Nowadays in more secular societies these values are represented by social activities, identities and attitudes towards the change, use and continuity of the building. Some churches in the more secular countries of Europe (especially Northern Europe) have lost most of their religious significance within the society, but not their cultural importance, which has been substituted by more civil or social values; former places of cult are becoming meeting points and places for social gatherings.

The problem behind assessing sociocultural values in the 21st Century is the decision of who generates them. Traditionally, experts in art, history and architecture have independently defined values; generating them as the result of academic determinisms without considering anthropological, environmental, ethnical, and other kind of factors; even the economical values have been traditionally neglected (and assessed separately as other category of the typologies). Traditional or professional generated values hardly consider the society; this translates in a consideration of historic buildings as jewels of time detached in significance from their current users.

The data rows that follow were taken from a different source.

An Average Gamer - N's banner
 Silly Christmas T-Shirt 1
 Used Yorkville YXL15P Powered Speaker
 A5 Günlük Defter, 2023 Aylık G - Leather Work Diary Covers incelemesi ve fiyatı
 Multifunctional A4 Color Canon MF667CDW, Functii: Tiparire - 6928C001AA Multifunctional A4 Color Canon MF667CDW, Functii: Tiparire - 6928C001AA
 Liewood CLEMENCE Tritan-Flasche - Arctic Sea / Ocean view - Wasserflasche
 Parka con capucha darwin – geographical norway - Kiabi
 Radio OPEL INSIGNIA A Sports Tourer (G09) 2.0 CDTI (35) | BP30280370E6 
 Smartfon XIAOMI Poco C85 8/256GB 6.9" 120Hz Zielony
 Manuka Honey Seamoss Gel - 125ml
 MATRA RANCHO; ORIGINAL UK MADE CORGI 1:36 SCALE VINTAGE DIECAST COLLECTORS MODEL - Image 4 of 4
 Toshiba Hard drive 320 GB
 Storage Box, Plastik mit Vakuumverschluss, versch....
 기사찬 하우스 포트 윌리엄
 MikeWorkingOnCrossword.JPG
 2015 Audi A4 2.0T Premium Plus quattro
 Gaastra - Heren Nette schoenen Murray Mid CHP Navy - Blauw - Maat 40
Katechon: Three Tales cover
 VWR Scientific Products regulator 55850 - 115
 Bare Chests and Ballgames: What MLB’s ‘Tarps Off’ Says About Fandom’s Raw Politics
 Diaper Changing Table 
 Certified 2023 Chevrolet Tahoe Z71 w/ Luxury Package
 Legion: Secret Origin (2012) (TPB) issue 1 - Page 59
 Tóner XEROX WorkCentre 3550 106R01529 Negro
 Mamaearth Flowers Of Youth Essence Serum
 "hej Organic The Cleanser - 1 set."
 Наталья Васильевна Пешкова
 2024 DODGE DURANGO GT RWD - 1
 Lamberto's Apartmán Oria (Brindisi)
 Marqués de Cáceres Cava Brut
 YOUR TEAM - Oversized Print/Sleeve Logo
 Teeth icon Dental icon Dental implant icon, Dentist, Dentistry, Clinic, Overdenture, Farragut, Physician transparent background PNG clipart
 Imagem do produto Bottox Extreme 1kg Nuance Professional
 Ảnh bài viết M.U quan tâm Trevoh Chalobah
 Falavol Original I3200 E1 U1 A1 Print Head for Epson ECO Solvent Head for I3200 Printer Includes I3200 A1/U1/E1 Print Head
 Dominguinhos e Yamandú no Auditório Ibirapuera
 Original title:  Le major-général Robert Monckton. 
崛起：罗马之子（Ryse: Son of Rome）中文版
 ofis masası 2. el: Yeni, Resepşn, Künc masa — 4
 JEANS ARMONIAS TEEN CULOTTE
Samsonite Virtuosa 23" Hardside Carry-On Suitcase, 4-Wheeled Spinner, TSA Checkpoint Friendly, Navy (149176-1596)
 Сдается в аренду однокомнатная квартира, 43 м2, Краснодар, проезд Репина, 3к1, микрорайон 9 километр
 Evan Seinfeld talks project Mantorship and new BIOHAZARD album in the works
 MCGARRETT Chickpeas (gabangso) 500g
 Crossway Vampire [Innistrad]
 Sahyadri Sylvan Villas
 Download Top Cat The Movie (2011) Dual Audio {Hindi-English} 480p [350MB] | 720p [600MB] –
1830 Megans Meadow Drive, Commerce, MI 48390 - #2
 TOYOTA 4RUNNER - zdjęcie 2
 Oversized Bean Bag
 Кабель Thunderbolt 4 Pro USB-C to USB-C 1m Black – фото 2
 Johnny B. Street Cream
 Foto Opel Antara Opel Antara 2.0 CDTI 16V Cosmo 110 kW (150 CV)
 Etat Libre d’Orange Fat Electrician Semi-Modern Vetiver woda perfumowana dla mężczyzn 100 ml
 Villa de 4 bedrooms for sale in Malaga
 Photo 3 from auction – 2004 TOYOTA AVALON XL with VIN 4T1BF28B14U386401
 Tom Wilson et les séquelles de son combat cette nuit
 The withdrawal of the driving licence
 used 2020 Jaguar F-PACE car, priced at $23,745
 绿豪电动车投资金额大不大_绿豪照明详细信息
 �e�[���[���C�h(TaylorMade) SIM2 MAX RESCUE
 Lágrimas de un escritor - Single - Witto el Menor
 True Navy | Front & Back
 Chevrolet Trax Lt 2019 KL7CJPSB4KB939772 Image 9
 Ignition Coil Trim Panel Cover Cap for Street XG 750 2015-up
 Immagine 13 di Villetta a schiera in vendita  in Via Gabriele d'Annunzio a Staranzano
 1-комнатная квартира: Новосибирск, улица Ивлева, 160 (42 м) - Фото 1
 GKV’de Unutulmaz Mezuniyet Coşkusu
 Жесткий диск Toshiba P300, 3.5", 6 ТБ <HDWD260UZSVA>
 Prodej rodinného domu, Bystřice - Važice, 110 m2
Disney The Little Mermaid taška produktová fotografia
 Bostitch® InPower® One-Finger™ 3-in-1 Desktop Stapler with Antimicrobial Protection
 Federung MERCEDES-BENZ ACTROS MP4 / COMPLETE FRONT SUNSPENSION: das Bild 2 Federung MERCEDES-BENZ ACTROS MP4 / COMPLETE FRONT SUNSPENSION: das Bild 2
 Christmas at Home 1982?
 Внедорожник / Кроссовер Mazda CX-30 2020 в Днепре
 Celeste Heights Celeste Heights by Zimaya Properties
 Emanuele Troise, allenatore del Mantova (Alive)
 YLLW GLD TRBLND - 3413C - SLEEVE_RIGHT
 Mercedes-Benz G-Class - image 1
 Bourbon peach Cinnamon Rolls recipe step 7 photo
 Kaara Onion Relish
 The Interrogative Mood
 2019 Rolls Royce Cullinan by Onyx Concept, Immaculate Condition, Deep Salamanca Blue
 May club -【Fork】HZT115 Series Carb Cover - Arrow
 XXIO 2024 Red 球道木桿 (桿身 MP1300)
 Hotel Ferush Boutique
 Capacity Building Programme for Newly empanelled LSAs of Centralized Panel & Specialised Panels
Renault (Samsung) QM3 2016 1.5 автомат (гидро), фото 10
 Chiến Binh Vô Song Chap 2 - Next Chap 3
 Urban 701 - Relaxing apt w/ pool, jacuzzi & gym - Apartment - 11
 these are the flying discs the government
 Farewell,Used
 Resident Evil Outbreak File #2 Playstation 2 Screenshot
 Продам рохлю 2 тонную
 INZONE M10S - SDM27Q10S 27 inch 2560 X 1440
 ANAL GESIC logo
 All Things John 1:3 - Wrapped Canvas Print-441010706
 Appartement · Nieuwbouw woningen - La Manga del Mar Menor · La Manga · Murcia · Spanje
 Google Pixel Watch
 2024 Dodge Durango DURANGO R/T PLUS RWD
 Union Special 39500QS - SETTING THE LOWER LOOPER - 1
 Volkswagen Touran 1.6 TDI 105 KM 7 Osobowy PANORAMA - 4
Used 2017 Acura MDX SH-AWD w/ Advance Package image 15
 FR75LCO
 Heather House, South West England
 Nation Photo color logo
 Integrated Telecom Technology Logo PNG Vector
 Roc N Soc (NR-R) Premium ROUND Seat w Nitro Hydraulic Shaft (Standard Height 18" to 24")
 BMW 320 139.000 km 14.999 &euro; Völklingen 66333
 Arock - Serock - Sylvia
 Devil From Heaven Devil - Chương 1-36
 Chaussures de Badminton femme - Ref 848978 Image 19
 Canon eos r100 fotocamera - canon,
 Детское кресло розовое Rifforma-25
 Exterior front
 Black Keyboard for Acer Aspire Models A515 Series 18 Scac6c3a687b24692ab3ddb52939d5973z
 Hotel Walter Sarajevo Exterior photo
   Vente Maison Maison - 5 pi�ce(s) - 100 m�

Usually are humanists those who identify sociocultural values of architectural heritage. The rest of the values within a typology are identified by a wide array of professionals from other disciplines. Usually an economist would identify the economical and market values, while architects and engineers would do the technical assessments. In this context of work the humanists (art and architectural historians in their most part) are limited to analyse the forms of using the buildings, reasons for use, religious or not religious significance, and community’s “attachment” to the building.

Degrees of advancement have been achieved in the identification of sociocultural values. Some currents in heritage conservation are claiming the importance of including a wider array of stakeholders into the decision-making and policy-making for conservation of heritage, thus succeeding a more democratic exercise of conservation and values identification.45 Sometimes conservation specialist’s opinion can be against the more democratic opinion. Including more

45 Marta de la Torre and Randall Mason, "Introduction," ibid., 4.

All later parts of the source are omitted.